Here’s how it’s looking out there as we slide into the weekend … From the Dept. of Oops They Did It Again, the Archdiocese of Louisville says a defrocked priest who was on probation for abuse shouldn’t have held a seat on a parish council. Up in Boston, Cardinal Sean O’Malley is launching a month-long […]

Here’s how it’s looking out there as we slide into the weekend …

From the Dept. of Oops They Did It Again, the Archdiocese of Louisville says a defrocked priest who was on probation for abuse shouldn’t have held a seat on a parish council. Up in Boston, Cardinal Sean O’Malley is launching a month-long “consultation” with disgruntled parishioners over the fate of shuttered churches.

Out in Oregon, sex abuse victims are suing various groups who got money from the Jesuits, essentially arguing that they skipped the line and prevented the Jesuits from being able to pay to settle abuse lawsuits. Or something like that.

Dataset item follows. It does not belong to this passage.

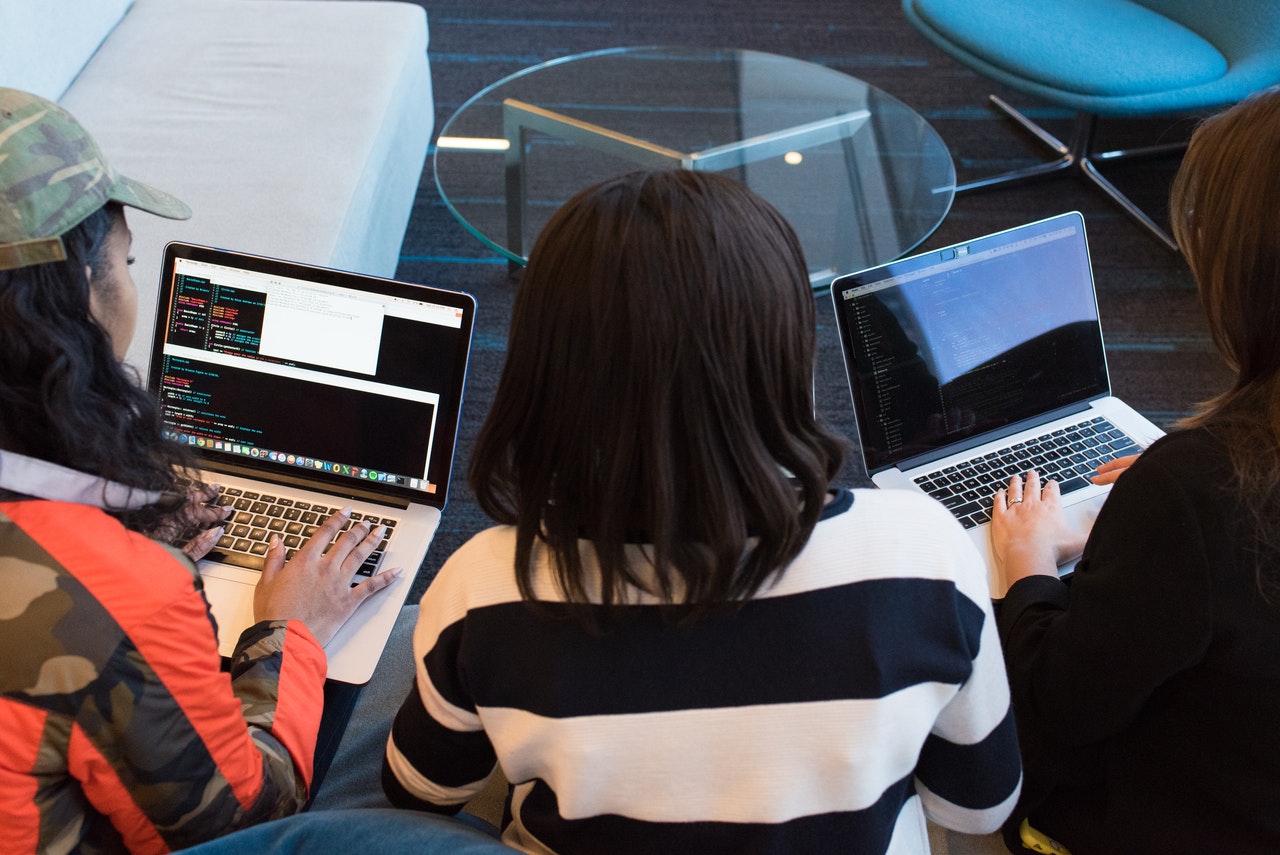 Three women sit on a sofa and work on laptops.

In South Dakota, lawmakers have shelved a proposal to legislate “justifiable homicide” in order to protect a fetus; critics said it would lead to open season on abortion providers, and a spokesman the governor calls the proposed language “a very bad idea.”

The 2011 battles over gay marriage got off to a raucus start in New Hampshire yesterday, where Republicans and conservatives vowed to make gay marriage a big issue in the 2012 first-in-the-nation primary. A bill to legalize gay marriage in Maryland cleared a significant hurdle yesterday.

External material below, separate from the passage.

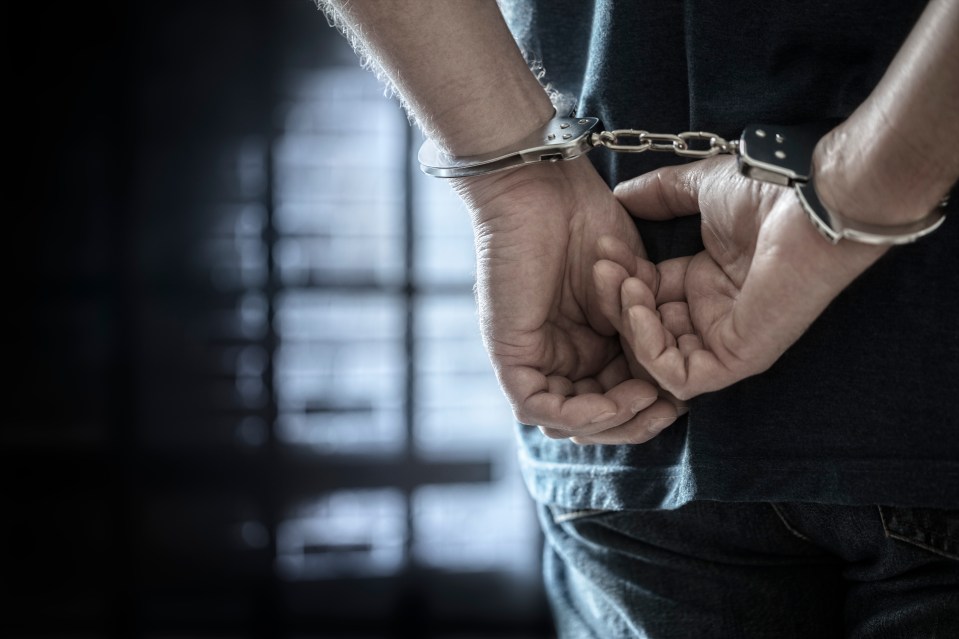 Man in handcuffs with hands behind his back.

After getting a SWEDOW dump of losing Pittsburgh Steelers Super Bowl T-shirts, World Vision is now getting $500,000 from … Watson, the IBM super computer who mopped the floor of Jeopardy this week. Publishing giant Zondervan isn’t renewing the contract of CEO Moe Girkins.

A Presbyterian pastor in Pennsylvania says Protestants could really use their own confession iPhone app. A home-schooled wrestler (and son of a preacher man) forfeited his match against a female opponent, saying guy-on-girl rolling around the mat isn’t “appropriate.”

From the Dept. of It’s Not About You, It’s About Me, Conservative Judaism is trying to woo independent-minded prayer groups, but it’s not clear those groups are interested in dating.

The good folks over at American Spectator join our coverage earlier this week in exploring the newfound anti-debt zeal among social conservatives. UC-Davis has scrubbed language from its website — which “defined religious discrimination in the United States as `institutionalized oppressions toward those who are not Christian,'” according to the AP — after Christian campus groups filed a protest.

Leaders of the World Council of Churches want to change the name of their Central Committee because it sounds, well, too communist.


France‘s governing parties are planning to launch a series of talks about the role and future of Muslims within French society, Reuters reports. Over in Russia, they’re venerating a “miracle-working” icon of former Czar Nicholas II, who was shot by the Bolsheviks in 1918.

Down in Brazil, Catholic bishops gave a collective thumbs-down to reality TV, calling it undignified.